A organização apela ainda a que se mantenha o espírito de companheirismo e entreajuda. “Mantenham-se unidas e cuidem umas das outras”, diz uma das moderadoras da assembleia.
É ainda informado a todos os presentes que até agora não houve nenhuma comunicação direta com a direção, apenas com a intermediação do segurança do edifício.
Uma chamada além fronteiras
É fim de dia, mas o horário de verão ainda permite que haja luz do sol. Sentados na relva, entra-se em videochamada com Maria, uma palestiniana nascida em Nazaré, e com alguns dos estudantes que estão no movimento de protesto estudantil em Lisboa. A comunicação é estabelecida em inglês.
Maria conta como é ser uma palestiniana com cidadania israelita, a história do Nabka e de que forma isso afetou e continua a afetar a sua família. Explica que ter as opiniões que tem e estar ali a conversar connosco, sendo uma palestiniana que vive entre israelitas, no norte do território, a pode colocar em perigo de “ser presa”. Confessa que o seu maior medo é “ir parar à prisão”.
Agradecendo a ação dos estudantes que tentam que as suas universidades cortem os laços que mantêm com as instituições de ensino em Israel, explicando de que forma a academia israelita está envolvida no conflito. “Israel é uma máquina de produção de armas.
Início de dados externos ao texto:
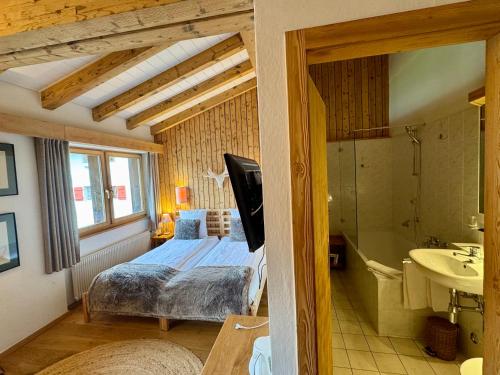 a bedroom with a bed and a tub and a sink at Victoria Retreat & Spa in Vercorin
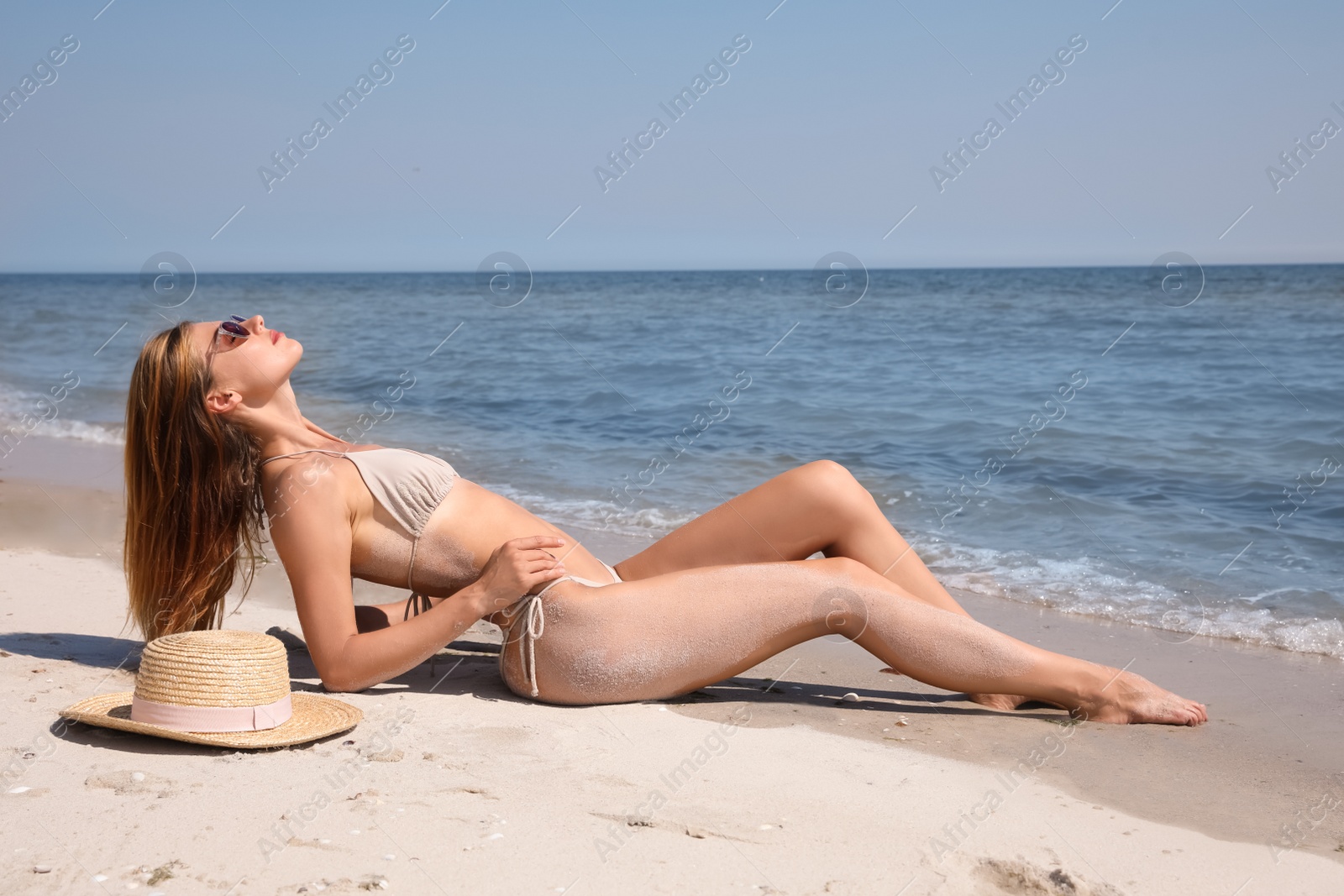 Photo of Attractive woman in bikini on sandy beach near sea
A academia israelita está diretamente envolvida na produção de armas usadas no Líbano, na Síria e no genocídio na Palestina. Usam-nas e depois são vendidas no mercado como armas experimentais.”
Quando questionada sobre o que mantém o povo palestiniano a continuar a sua luta, Maria explica como esta luta “já tem vindo a ser feita por quase um século. A esperança tem sido uma ferramenta para continuar a lutar. Nós temos esperança numa Palestina livre”.
O que falta ser feito
Um dia inteiro se passou, e o movimento de protesto continua. Ainda sem resposta por parte da direção, o grupo de ativistas diz que irá continuar aqui até que as suas reivindicações sejam atendidas.